Distal aneurysms of intracranial arteries: application of numerical nomenclature, predilection for cerebellar arteries, and results of surgical management.

机构信息

Department of Neurological Surgery, University of California-San Francisco, San Francisco, California, USA.

出版信息

World Neurosurg. 2013 Jul-Aug;80(1-2):103-12. doi: 10.1016/j.wneu.2012.09.010. Epub 2012 Sep 24.

Abstract

BACKGROUND

Distal intracranial aneurysms are rare, have unclear origins, and are frequently nonsaccular. Published clinical experience with these aneurysms is limited.

OBJECTIVE

To examine differences between distal aneurysms of cerebral and cerebellar arteries and to examine results associated with surgical therapy in 140 patients.

METHODS

Distal aneurysms in the cerebral arteries were defined as outside the circle of Willis, on or beyond the A2 anterior cerebral artery, M2 middle cerebral artery, or P2 posterior cerebral segments. Distal aneurysms in the cerebellar arteries were on or beyond the s2 superior cerebellar artery, a2 anterior inferior cerebellar artery, or p2 posterior inferior cerebellar artery segments.
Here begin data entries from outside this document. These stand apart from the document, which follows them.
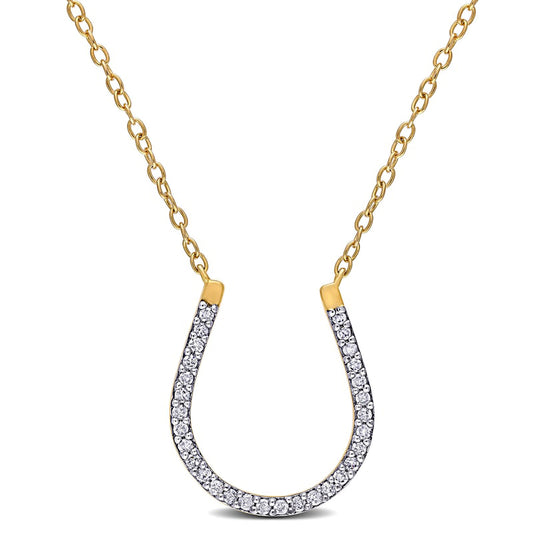 0.17 CT. T.W. Natural Diamond Horseshoe Necklace in Sterling Silver with Yellow Rhodium Plate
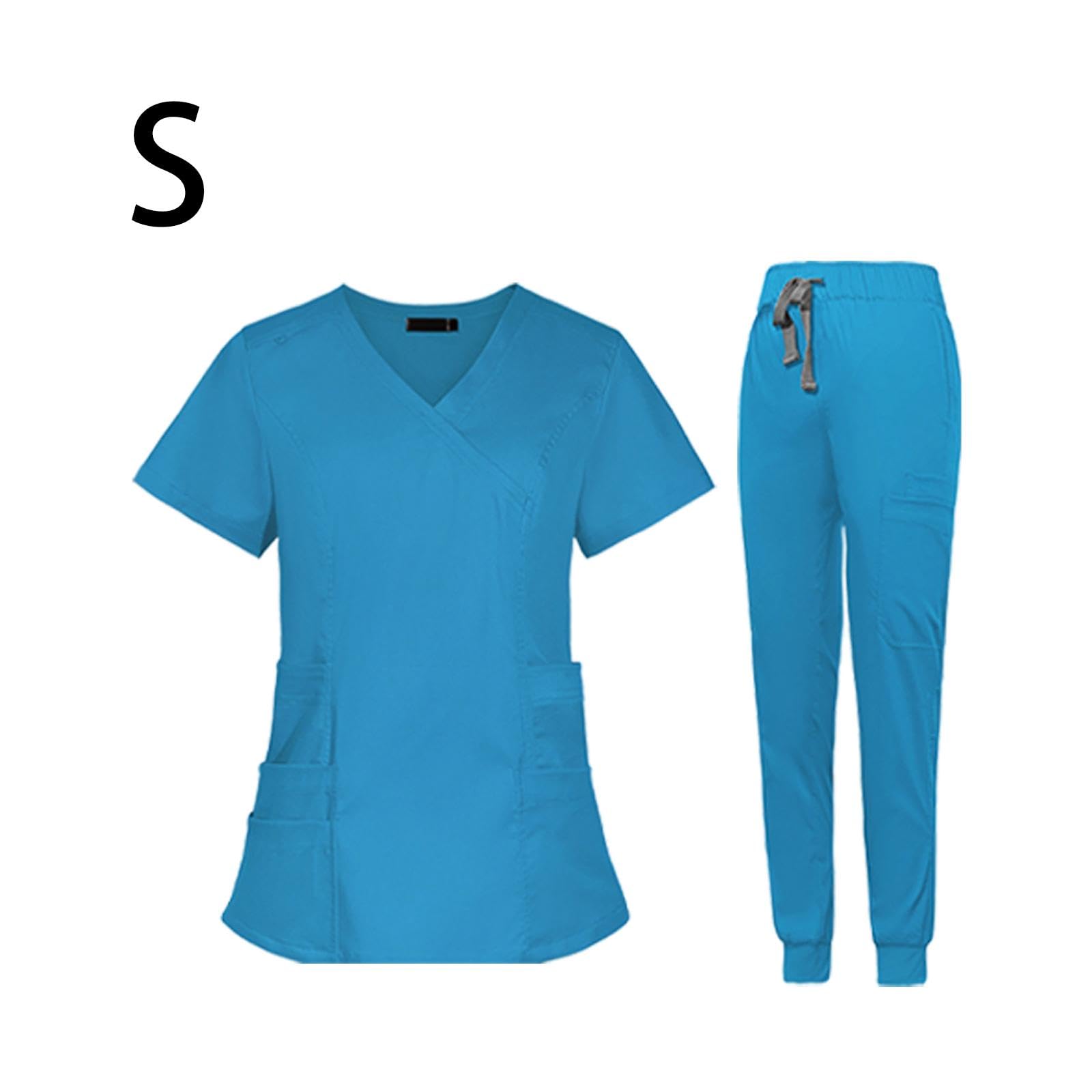 Uniforme de Enfermera con Top de Cuello en Pantalón Jogger Manga Corta y Bolsillos Prácticos Material Transpirable Adecuado para Mujeres en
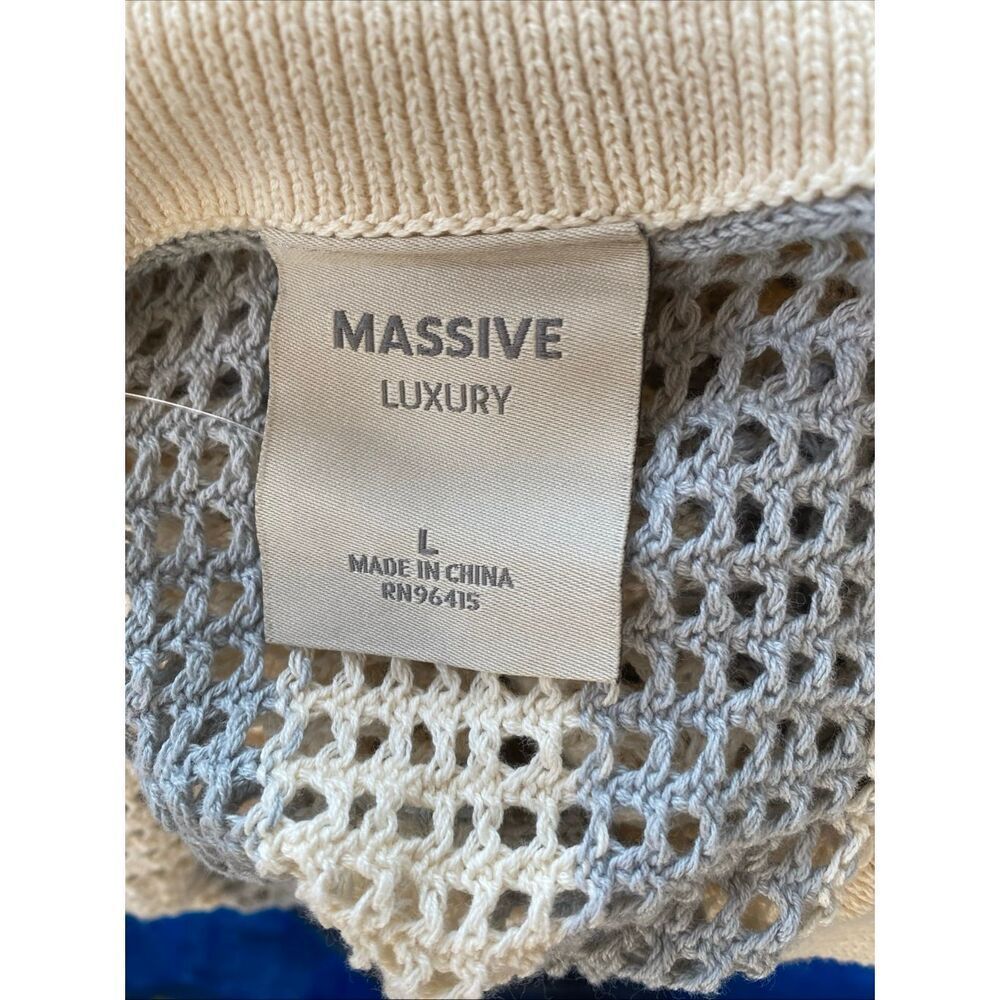 Massive Luxury Shirt Men’s Crochet Knit Button Down Collared New Ivory Beige L - Picture 12 of 13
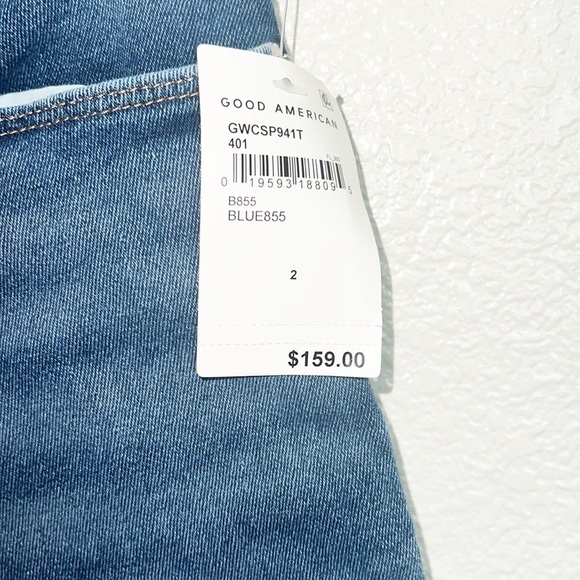 Good American Good Waist Stretchy Distressed Medium To Dark Wash Crop New Jeans - Picture 5 of 13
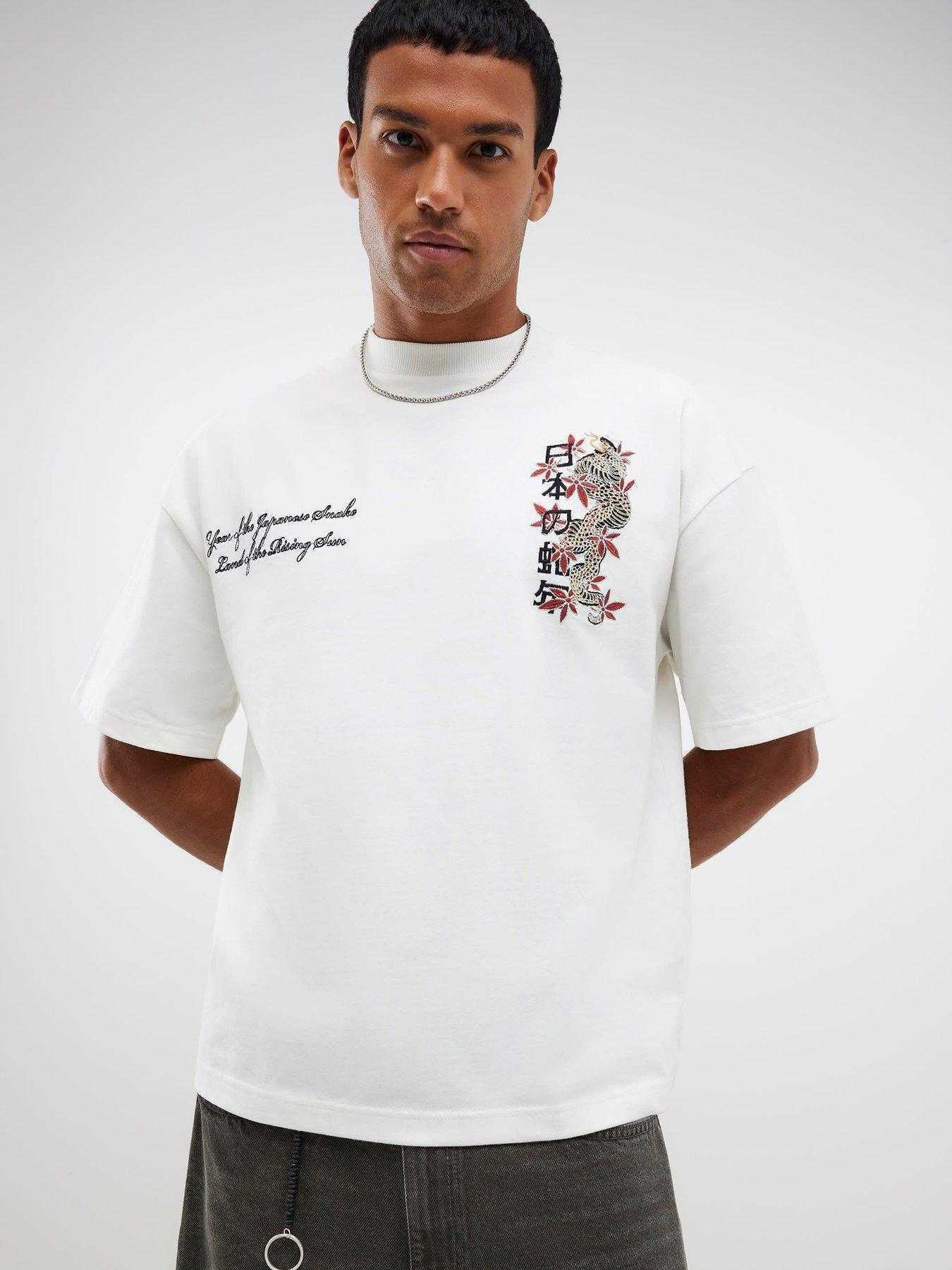 Image 4 of 4 of River Island Short Sleeve Oversized Japanese Snake Backprint T-Shirt - White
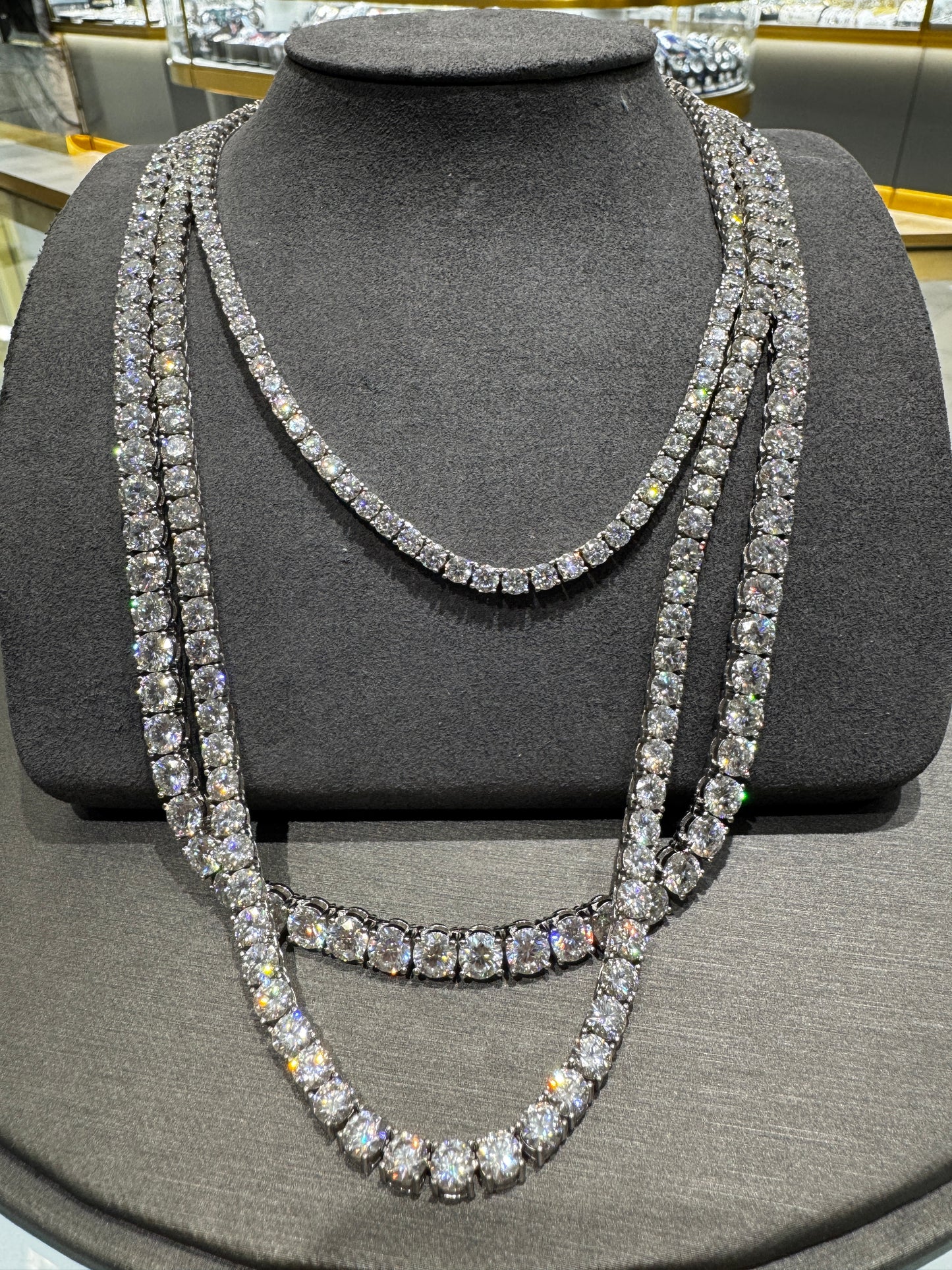 Moissanite Tennis Chain Necklace - 925 Sterling Silver (MJCN058)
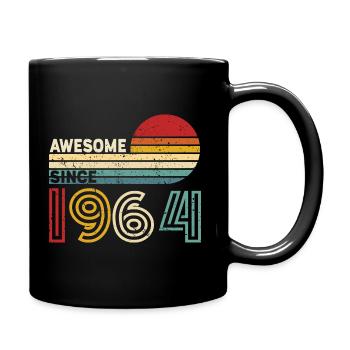 1964 Geschenk Geburtstag Jahrgang Spruch - Tasse einfarbig - Schwarz - Rechts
Clinical data, microsurgical technique, and patient outcomes were reviewed.

RESULTS

The incidence of distal cerebellar artery aneurysms was 4.3 times greater than distal cerebral artery aneurysms (6.5% vs. 28.6%; P< 0.01). The A3 anterior cerebral artery segment and the p2 and p3 posterior inferior cerebellar artery segments were the most common sites. Presentation with aneurysm rupture was more frequent with cerebellar aneurysms (65% vs. 40%; P< 0.05). Distal cerebellar artery aneurysms were less likely than distal cerebral artery aneurysms to be clipable (40% vs. 72%; P< 0.01), with 42% treated with trapping alone. Overall, 14% required a bypass.

CONCLUSIONS

Distal intracranial aneurysms have a predilection for cerebellar arteries and are not as rare as the literature suggests. Application of standardized nomenclature for segmental anatomy to these lesions will increase the precision of anatomic description and clarity of clinical discourse. Although technically difficult, good clinical results can be expected with surgical management.

摘要

背景

远端颅内动脉瘤罕见,起源不明,且多为非囊状。这些动脉瘤的临床经验有限。

目的

分析大脑和小脑动脉远端动脉瘤的差异,并评估 140 例患者手术治疗的结果。

方法

大脑动脉的远端动脉瘤定义为位于 Willis 环之外,在前大脑动脉 A2 段、大脑中动脉 M2 段或大脑后动脉 P2 段之上或之外。小脑动脉的远端动脉瘤位于或超过上小脑动脉 S2、小脑前下动脉 A2 或小脑后下动脉 P2 段。回顾临床资料、显微外科技术和患者结局。

结果

小脑远端动脉动脉瘤的发生率是大脑远端动脉动脉瘤的 4.3 倍(6.5%比 28.6%;P<0.01)。A3 段前大脑动脉和 P2、P3 段小脑后下动脉是最常见的部位。小脑动脉瘤破裂的发生率更高(65%比 40%;P<0.05)。与大脑远端动脉动脉瘤相比,小脑远端动脉动脉瘤更不易夹闭(40%比 72%;P<0.01),42%单独采用夹闭术治疗,总的来说,14%需要旁路手术。

结论

远端颅内动脉瘤偏爱小脑动脉,并不像文献中那样罕见。将分段解剖的标准化命名应用于这些病变,将提高解剖描述的准确性和临床讨论的清晰度。虽然技术上困难,但手术治疗可以获得良好的临床结果。